Dining room decorations.

Just one Mexican market operated in Little Rock when Alonso arrived in 1997, she says. Only two restaurants served something other than hard-shell tacos and the local cheese dip that’s so beloved among Anglos that Little Rock celebrates the stuff with an annual Cheese Dip World Championship. Not long after, Alonso began cleaning houses during the week. To pick up extra money, she cooked for friends of her husband, Juan Rodriguez, who worked construction with him. “I was not afraid,” she tells me, speaking of her willingness to take a chance, and of the confidence she carried forward from Aguascalientes, where she began cooking at age twelve in her grandmother’s kitchen.

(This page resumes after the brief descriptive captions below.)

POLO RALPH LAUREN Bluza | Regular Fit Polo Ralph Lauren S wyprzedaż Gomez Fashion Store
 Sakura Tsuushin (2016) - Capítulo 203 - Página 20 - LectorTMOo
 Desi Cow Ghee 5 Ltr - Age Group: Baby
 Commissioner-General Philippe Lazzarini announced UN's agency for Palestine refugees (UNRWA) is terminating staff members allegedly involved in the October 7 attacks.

From Hilaria Martinez, Alonso learned to make that chicken mole poblano, sweetened with chocolate, thickened with ground almonds, and scattered with sesame seeds. In addition to stuffing it into gorditas, she serves it as a quarter-chicken platter with rice and refried beans. Working that market stall, Alonso also learned to think of herself as an entrepreneur. Her husband now works with her, decorating and maintaining the family restaurants, and all four of their children hold part-time jobs here. As Alonso talks through her dream to open new locations, one thirty miles away in Conway and another up near the Oklahoma border in Fayetteville, she leans forward in the booth. Norteño music, heavy on the accordions, plays from tripod-mounted speakers. Listening to her, it becomes clear that, though she sells more gorditas than anything, the mole-dressed chicken platter, which the deputy consul and I both love, is a kind of family dowry. “This is where we began,” she says as I trace my finger through a puddle of sauce. “Now I know where we’re going.”